As students walk in F-Hallway in between classes, they will see a total of 13 red dresses overhead. Between 10 a.m. and 2 p.m. until December 4, representatives from the First Nations Centre will be there to talk about the project.
Hannah also has a white dress on one of the tables, where people will write the names of important women in their lives with red permanent marker. The table has letters from Amnesty International to be sent to Prime Minister Justin Trudeau, asking him to take action.
“The inquiry doesn’t mean anything if we don’t actually make changes in the country.”
She had a list of the names of the missing and murdered Indigenous women all across Canada.
“Some of them are local. Some of them attended school here at Fanshawe.

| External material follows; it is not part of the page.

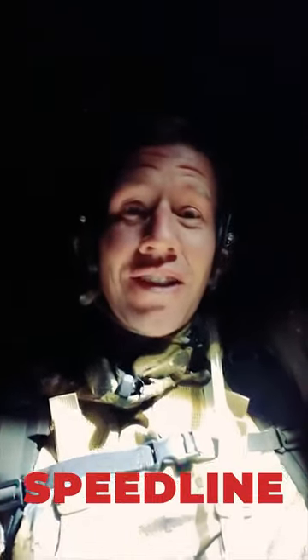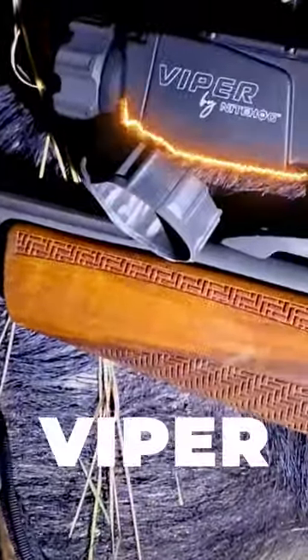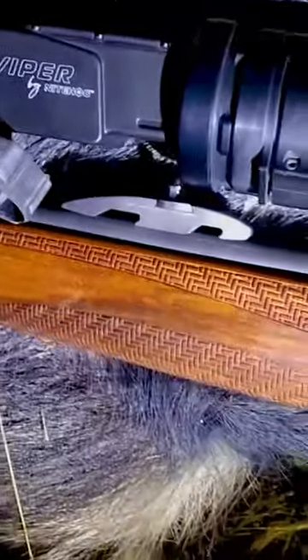The Speedline, the Delta Scope, and a Vipar thermal attachment struck again. Here we go. Here it is. That did the job right behind the ear again with the Vipar thermal attachment.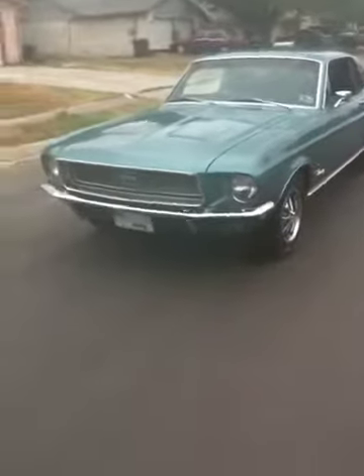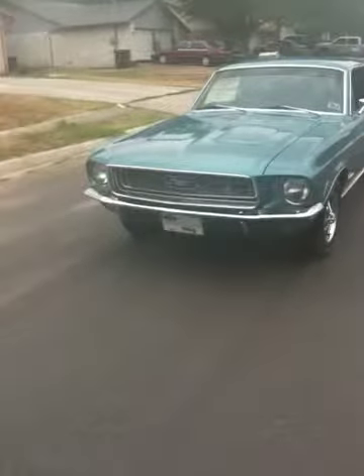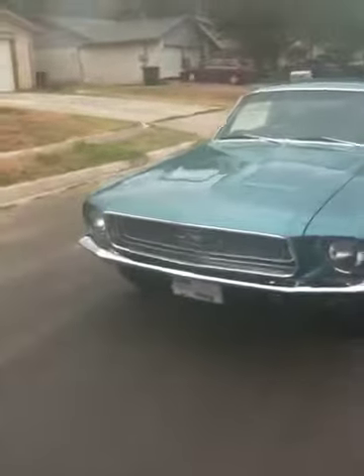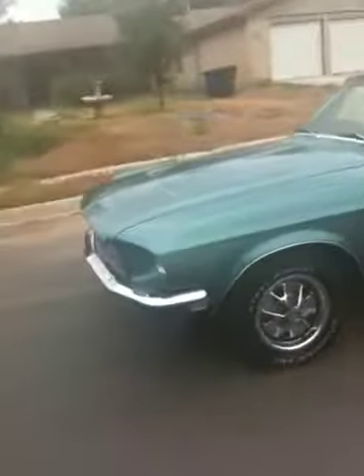68 Ford Mustang, testing out the little video here. Just converted to disc brakes. Need to take it over and have the front end aligned. Haven't had it out in a while — good feeling to get that baby out on the road again.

While we don’t have 13 women from this community who are missing, 13 is a number in Indigenous culture that is representative of all women, and that all women are connected to the moon,” she explains, adding it also represents the number of cycles for the moon.
She adds that it’s an ongoing issue, but gained more attention from the RCMP report about it. The dresses will also be seen at the memorial service for the 14 women killed in the Ècole Polytechnie du Montreal massacre in 1989.
“It’s not just an Indigenous issue. It’s a women’s issue, and it’s a Canadian issue, and we really wanted to tie them together.”
The service will take place December 4, with the National Day of Remembrance for Violence Against Women on December 6.